About this exercise: All lines in the records below from the line with "FDA Noseclip ANTI" through the line with "Shampooing traitant certifié" are to be given again exactly, both ends included; the pictures are to be left out.

Input:
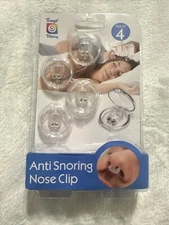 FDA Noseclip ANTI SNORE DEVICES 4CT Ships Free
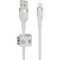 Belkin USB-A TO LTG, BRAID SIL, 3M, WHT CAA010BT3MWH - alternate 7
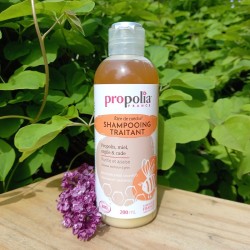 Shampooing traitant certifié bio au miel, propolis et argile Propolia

==

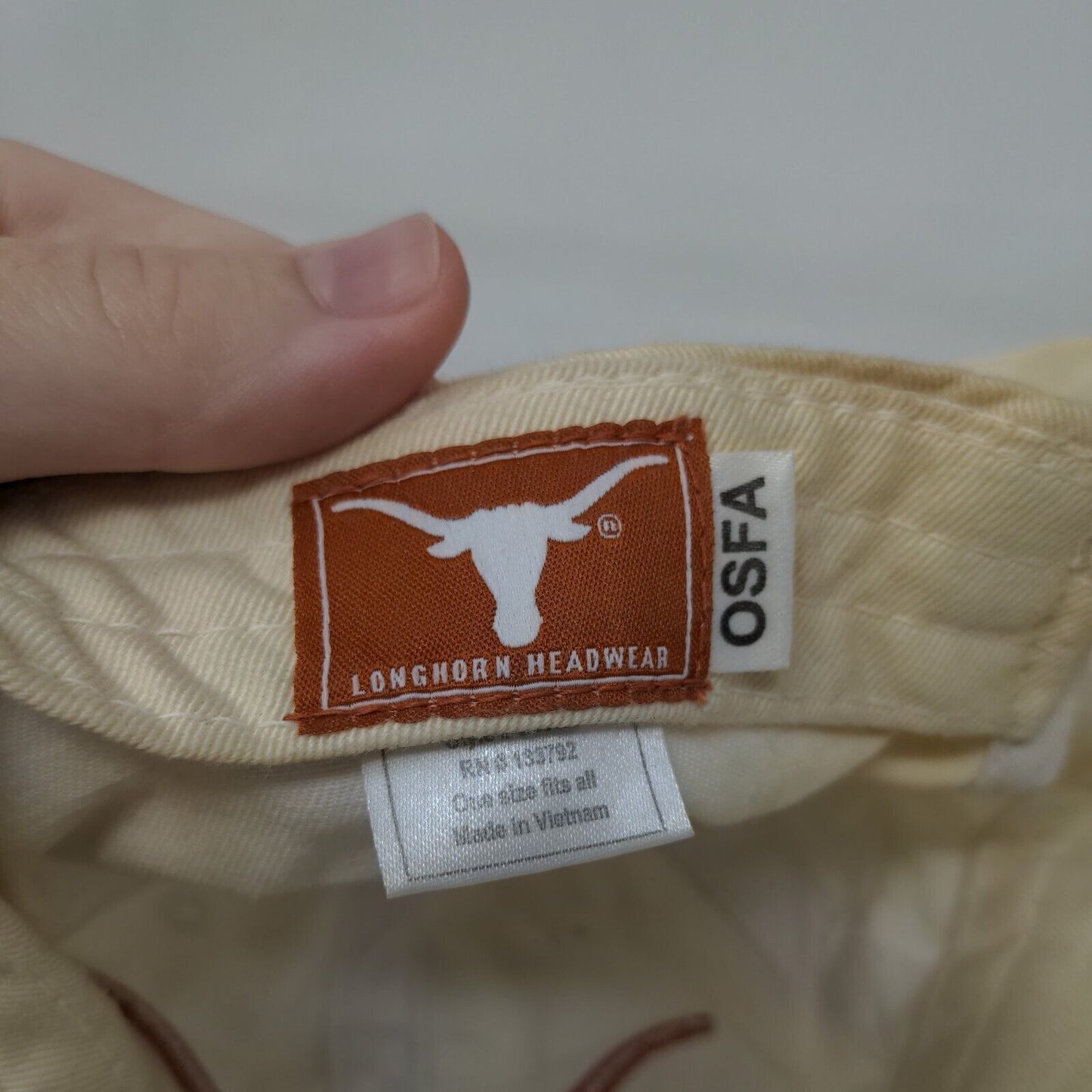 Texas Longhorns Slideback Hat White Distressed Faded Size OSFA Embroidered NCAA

Reply to the task:
 FDA Noseclip ANTI SNORE DEVICES 4CT Ships Free
 Belkin USB-A TO LTG, BRAID SIL, 3M, WHT CAA010BT3MWH - alternate 7
 Shampooing traitant certifié bio au miel, propolis et argile Propolia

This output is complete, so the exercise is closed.